◆ Work instruction ◆
Look for "Chinelo Comfortflex 2445402" in the entries below. Then write out exactly the line that holds it and every line after it, to the last, and nothing else.

◆ Data shown ◆
··········
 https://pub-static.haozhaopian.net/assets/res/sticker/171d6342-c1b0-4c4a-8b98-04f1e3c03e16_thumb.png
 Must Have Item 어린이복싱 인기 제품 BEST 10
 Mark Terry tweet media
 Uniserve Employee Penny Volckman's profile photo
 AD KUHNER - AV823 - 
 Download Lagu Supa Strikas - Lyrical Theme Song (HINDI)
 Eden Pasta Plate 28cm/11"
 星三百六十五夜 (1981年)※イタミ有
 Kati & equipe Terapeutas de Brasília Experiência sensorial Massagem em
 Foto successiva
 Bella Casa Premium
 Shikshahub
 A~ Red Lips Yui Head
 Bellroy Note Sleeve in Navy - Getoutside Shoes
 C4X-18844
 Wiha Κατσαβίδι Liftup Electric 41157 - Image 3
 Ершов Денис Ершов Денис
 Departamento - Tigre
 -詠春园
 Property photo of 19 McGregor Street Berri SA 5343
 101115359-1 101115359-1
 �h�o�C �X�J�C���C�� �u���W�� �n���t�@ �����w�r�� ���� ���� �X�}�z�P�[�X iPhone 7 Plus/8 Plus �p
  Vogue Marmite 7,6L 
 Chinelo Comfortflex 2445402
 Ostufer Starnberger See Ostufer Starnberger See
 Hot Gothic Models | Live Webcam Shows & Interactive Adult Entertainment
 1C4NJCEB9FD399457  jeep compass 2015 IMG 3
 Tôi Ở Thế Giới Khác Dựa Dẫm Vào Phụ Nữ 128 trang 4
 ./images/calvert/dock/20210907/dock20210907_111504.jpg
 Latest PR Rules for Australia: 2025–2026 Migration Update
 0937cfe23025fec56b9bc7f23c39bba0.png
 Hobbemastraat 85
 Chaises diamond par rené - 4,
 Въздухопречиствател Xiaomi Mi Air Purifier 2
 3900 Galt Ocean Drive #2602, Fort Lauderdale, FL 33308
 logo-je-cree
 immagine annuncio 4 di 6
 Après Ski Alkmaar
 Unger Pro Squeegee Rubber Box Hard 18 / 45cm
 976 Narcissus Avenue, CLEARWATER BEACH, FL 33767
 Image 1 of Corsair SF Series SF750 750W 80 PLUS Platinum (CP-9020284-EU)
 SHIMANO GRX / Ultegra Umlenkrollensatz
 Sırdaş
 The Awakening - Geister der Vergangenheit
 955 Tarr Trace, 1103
··········
◆ Written reply ◆
 Chinelo Comfortflex 2445402
 Ostufer Starnberger See Ostufer Starnberger See
 Hot Gothic Models | Live Webcam Shows & Interactive Adult Entertainment
 1C4NJCEB9FD399457  jeep compass 2015 IMG 3
 Tôi Ở Thế Giới Khác Dựa Dẫm Vào Phụ Nữ 128 trang 4
 ./images/calvert/dock/20210907/dock20210907_111504.jpg
 Latest PR Rules for Australia: 2025–2026 Migration Update
 0937cfe23025fec56b9bc7f23c39bba0.png
 Hobbemastraat 85
 Chaises diamond par rené - 4,
 Въздухопречиствател Xiaomi Mi Air Purifier 2
 3900 Galt Ocean Drive #2602, Fort Lauderdale, FL 33308
 logo-je-cree
 immagine annuncio 4 di 6
 Après Ski Alkmaar
 Unger Pro Squeegee Rubber Box Hard 18 / 45cm
 976 Narcissus Avenue, CLEARWATER BEACH, FL 33767
 Image 1 of Corsair SF Series SF750 750W 80 PLUS Platinum (CP-9020284-EU)
 SHIMANO GRX / Ultegra Umlenkrollensatz
 Sırdaş
 The Awakening - Geister der Vergangenheit
 955 Tarr Trace, 1103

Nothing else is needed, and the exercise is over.